Cronaca locale

Milano e storie d'acqua Una favola antica che arriva fino ad oggi

Un libro ripercorre la storia di fiumi, laghi e canali che attraversano la città e i dintorni

Stefano Giani

L'acqua è un tutt'uno con Milano. E quando spuntarono conchiglie fossili in uno scavo necessario per costruire un pozzo nei pressi dell'Arena, si ebbe la conferma che la città non galleggiava solo su una laguna sotterranea ma che un tempo - lontano, lontanissimo - qui c'era il mare. Fu poi la geologia, prima ancora della storia, a confermare quelle che non dovevano essere soltanto semplici illazioni. Come poi i flutti si ritirarono, lasciando il posto a una pianura sulla quale sarebbe sorta la metropoli, è una folta letteratura a raccontarlo. E oggi alla bibliografia che fa di Milano una capoluogo acquatico si aggiunge un volume di Gabriele Pagani Storie d'acqua (16 euro) che tuttavia non si limita a raccontare i mille perché dei Navigli e dei fontanili. Il mitico lago Barili tra Fombio e Guardamiglio, al confine con l'Emilia. O il Gerundo che era talmente esteso tra il Lodigiano e il Cremonese da indurre molti a definirlo un mare.

E così il fascino della metropoli che galleggia e s'interroga sulla riapertura dei Navigli, ventilata ma ancora lontanissima da accogliere, diventa un tema molto più che d'attualità. Anche perché l'acqua non smette di far parlare di sé nemmeno d'estate quando le esondazioni causate dalla pioggia torrenziale riportano in primo piano gli straripamenti del Seveso. E proprio quest'ultimo, come il Nirone e la Vepra, in parte navigabili e in parte utilizzabili ai fini di colture e irrigamento, diedero da sempre l'impressione che Milano fosse stata scelta per la sua posizione come la regina di un mare primordiale, destinata a dominare quelle acque che ne avrebbero connotato morfologicamente il territorio per tutta la sua esistenza.

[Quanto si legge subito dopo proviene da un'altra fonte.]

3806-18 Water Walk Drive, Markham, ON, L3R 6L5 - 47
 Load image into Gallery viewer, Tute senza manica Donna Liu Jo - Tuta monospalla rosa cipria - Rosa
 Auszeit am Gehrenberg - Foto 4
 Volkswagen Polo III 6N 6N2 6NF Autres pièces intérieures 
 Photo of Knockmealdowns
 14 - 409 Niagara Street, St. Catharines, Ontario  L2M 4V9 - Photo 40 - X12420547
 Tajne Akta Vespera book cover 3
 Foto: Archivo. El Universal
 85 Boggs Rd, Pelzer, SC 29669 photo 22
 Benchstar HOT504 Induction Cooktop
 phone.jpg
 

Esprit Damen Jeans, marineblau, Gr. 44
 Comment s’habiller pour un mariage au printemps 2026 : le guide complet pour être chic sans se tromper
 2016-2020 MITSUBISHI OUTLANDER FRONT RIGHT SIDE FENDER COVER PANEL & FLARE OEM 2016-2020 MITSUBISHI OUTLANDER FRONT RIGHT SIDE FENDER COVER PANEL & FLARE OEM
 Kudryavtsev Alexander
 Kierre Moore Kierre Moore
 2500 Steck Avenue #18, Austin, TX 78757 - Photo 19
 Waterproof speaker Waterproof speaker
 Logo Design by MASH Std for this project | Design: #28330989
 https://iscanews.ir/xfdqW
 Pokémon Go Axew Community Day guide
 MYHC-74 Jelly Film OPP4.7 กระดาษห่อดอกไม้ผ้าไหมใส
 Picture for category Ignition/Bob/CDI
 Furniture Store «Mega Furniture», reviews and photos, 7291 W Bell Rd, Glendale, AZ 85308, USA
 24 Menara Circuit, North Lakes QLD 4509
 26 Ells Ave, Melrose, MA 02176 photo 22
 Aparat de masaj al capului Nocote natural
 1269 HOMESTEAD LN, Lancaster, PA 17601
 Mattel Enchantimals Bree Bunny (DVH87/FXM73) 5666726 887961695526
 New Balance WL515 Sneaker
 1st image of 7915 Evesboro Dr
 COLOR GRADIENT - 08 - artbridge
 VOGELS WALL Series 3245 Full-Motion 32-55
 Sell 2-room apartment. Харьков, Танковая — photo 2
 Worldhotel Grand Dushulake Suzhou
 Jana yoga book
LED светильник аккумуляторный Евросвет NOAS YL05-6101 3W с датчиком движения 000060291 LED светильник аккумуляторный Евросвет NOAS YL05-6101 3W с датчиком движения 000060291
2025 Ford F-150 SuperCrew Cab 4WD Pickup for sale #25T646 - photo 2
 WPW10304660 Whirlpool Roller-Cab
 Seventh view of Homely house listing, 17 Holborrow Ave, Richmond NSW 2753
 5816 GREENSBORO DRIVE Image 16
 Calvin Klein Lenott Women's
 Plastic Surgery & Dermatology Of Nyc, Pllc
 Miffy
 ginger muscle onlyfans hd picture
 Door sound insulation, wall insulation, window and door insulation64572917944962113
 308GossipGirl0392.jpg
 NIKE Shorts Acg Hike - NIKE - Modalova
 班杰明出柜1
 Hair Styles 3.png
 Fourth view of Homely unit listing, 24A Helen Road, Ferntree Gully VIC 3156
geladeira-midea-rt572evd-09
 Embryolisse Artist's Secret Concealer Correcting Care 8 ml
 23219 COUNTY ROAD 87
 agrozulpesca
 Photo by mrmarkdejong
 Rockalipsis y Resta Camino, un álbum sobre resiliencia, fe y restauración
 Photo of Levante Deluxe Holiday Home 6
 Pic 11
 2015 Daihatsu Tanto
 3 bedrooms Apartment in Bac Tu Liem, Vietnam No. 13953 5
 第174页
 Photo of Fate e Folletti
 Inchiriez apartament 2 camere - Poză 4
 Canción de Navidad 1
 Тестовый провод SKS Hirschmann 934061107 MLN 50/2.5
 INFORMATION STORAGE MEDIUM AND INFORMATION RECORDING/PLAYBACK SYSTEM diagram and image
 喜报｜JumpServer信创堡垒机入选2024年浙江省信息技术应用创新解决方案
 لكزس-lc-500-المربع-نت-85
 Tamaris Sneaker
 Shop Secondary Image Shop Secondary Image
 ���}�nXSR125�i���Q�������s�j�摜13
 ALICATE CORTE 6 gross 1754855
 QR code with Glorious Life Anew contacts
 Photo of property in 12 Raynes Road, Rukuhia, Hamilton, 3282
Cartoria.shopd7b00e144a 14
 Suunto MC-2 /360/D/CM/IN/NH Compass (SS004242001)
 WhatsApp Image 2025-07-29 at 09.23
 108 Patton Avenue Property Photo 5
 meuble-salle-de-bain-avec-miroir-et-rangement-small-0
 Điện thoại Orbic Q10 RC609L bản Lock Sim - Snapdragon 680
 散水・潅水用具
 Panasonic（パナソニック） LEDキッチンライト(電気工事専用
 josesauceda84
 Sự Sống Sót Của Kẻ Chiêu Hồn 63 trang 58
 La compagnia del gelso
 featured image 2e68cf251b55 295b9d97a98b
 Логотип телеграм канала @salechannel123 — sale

Canali e fiumi ne accompagnarono i secoli e il mito. Servirono per lavorare e non soltanto per l'agricoltura. Grazie a loro arrivarono nel centro della metropoli i barconi che trasportavano i marmo di Candoglia per la costruzione del Duomo e tracce dell'acqua sono rimaste tuttora in una metropoli che vive all'asciutto. Via Laghetto era l'area dove approdavano i barconi. La Vettabbia ricorda uno di questi canali che attraversavano i campi alla periferia giungendo fino al cuore della città. Convergendo e divergendo per poi tornare a ricongiungersi in infinite diramazioni dello stesso letto. «Diresti che tra questi meandri sinuosi emergono cori di ninfe o danze di fanciulle» secondo le parole di Petrarca che a lungo qui visse e si lasciò sedurre dallo charme oscuro di una città che molti continuano a voler respingere. Toccò poi al genio di Vinci cimentarsi con l'idraulica.

Nacquero le chiuse e un sistema di regolamentazione dell'afflusso idrico, destinato a finire in disuso e abbandono. L'acqua rimase la risorsa più preziosa fuori città, ma un ingombrante inquilino in centro. Così negli anni Trenta del Novecento i suggestivi canali lasciarono il posto alle strade e scomparvero nel sottosuolo, interrati da una forma di progresso che ora bussa di nuovo alla porta.

Un'acqua che non ha mai smesso di scorrere.